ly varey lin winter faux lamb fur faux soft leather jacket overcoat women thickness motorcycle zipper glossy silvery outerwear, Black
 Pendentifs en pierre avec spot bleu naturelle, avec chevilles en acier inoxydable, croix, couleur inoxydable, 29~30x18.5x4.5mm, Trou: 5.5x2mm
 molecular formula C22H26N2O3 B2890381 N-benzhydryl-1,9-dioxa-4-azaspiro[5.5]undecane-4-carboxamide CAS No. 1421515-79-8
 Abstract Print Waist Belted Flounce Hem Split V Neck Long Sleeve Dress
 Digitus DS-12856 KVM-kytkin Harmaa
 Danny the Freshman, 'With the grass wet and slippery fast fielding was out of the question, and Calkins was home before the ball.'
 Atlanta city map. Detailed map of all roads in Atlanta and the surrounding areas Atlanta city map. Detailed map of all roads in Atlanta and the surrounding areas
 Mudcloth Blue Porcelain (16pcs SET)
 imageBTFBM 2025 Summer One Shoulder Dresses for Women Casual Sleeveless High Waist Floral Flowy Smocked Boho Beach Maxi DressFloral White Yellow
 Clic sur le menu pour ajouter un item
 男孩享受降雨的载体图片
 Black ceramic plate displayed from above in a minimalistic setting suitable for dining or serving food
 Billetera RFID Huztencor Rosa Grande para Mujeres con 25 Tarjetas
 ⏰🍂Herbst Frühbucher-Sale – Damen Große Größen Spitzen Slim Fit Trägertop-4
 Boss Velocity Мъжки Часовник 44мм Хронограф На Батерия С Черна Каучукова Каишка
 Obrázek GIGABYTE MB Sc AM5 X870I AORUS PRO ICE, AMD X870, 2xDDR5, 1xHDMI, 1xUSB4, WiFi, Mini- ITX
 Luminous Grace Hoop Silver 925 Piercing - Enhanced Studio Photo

══════════

▶ **Activity**
In the records above, the line with "imageBTFBM 2025 Summer" marks the start and the line with "Obrázek GIGABYTE MB" marks the end; copy that stretch exactly, both lines included, and nothing else.

▶ **Written answer**
 imageBTFBM 2025 Summer One Shoulder Dresses for Women Casual Sleeveless High Waist Floral Flowy Smocked Boho Beach Maxi DressFloral White Yellow
 Clic sur le menu pour ajouter un item
 男孩享受降雨的载体图片
 Black ceramic plate displayed from above in a minimalistic setting suitable for dining or serving food
 Billetera RFID Huztencor Rosa Grande para Mujeres con 25 Tarjetas
 ⏰🍂Herbst Frühbucher-Sale – Damen Große Größen Spitzen Slim Fit Trägertop-4
 Boss Velocity Мъжки Часовник 44мм Хронограф На Батерия С Черна Каучукова Каишка
 Obrázek GIGABYTE MB Sc AM5 X870I AORUS PRO ICE, AMD X870, 2xDDR5, 1xHDMI, 1xUSB4, WiFi, Mini- ITX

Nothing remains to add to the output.